> [ACTION ITEM]: Using the records below, transcribe word for word the stretch from the line that contains "3rd image of 5813 Emma Lynn Ct" through the line that contains "globus Globus Floral", both end lines included, and nothing else.

:: SUPPLIED INFORMATION ::

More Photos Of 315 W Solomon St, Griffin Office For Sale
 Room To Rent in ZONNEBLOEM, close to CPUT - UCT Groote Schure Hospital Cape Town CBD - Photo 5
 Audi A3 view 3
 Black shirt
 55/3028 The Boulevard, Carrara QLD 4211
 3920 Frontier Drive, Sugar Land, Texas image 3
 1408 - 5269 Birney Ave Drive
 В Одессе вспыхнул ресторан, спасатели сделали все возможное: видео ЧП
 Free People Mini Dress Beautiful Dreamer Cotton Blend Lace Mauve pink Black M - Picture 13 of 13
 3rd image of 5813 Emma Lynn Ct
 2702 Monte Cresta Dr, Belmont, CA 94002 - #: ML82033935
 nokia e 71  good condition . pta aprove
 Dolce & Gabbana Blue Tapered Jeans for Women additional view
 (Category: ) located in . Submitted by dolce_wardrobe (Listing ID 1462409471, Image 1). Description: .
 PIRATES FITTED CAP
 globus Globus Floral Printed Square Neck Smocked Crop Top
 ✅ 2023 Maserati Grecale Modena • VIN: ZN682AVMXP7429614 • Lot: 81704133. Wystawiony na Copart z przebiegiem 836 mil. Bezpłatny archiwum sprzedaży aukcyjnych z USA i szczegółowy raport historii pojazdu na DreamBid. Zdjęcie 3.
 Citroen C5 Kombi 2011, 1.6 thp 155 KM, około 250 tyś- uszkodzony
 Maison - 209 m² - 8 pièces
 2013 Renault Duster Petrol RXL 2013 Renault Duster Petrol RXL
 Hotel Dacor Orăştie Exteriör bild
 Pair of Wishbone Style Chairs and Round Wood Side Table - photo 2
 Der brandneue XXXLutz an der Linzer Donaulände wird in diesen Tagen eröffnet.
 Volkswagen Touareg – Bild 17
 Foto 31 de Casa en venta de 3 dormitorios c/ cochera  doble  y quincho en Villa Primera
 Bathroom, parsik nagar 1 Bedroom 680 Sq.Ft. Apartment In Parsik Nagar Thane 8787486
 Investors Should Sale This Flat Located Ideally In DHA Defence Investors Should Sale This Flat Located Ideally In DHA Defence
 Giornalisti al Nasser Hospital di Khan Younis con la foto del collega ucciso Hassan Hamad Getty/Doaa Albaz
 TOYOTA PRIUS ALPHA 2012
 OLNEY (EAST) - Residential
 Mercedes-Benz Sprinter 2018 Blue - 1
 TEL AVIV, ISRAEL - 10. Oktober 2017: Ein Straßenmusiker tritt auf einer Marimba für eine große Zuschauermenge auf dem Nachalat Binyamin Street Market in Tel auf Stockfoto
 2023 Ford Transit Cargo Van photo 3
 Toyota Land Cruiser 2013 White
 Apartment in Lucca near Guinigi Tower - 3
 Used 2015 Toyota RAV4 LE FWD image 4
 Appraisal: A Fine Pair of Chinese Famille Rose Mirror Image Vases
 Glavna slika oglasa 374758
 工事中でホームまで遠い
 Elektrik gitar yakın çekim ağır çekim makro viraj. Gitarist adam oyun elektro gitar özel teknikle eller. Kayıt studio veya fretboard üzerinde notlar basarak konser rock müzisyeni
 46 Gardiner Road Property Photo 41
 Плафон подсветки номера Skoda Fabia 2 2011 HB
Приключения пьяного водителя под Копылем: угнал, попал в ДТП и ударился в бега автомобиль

:::

> [RESULT OF THIS EXERCISE]:
 3rd image of 5813 Emma Lynn Ct
 2702 Monte Cresta Dr, Belmont, CA 94002 - #: ML82033935
 nokia e 71  good condition . pta aprove
 Dolce & Gabbana Blue Tapered Jeans for Women additional view
 (Category: ) located in . Submitted by dolce_wardrobe (Listing ID 1462409471, Image 1). Description: .
 PIRATES FITTED CAP
 globus Globus Floral Printed Square Neck Smocked Crop Top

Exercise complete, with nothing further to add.